Collected material Start Marker
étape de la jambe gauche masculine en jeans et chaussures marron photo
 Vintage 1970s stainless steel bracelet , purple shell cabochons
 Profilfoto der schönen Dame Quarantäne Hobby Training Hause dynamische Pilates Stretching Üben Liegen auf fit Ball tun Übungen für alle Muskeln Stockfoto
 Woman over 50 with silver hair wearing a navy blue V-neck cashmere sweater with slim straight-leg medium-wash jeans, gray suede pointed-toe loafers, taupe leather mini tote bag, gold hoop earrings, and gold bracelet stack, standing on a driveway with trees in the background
Collected material End Marker
> **Work request**
Look above for every line with the word "jeans" and copy it.

> **Solved problem**
étape de la jambe gauche masculine en jeans et chaussures marron photo
 Woman over 50 with silver hair wearing a navy blue V-neck cashmere sweater with slim straight-leg medium-wash jeans, gray suede pointed-toe loafers, taupe leather mini tote bag, gold hoop earrings, and gold bracelet stack, standing on a driveway with trees in the background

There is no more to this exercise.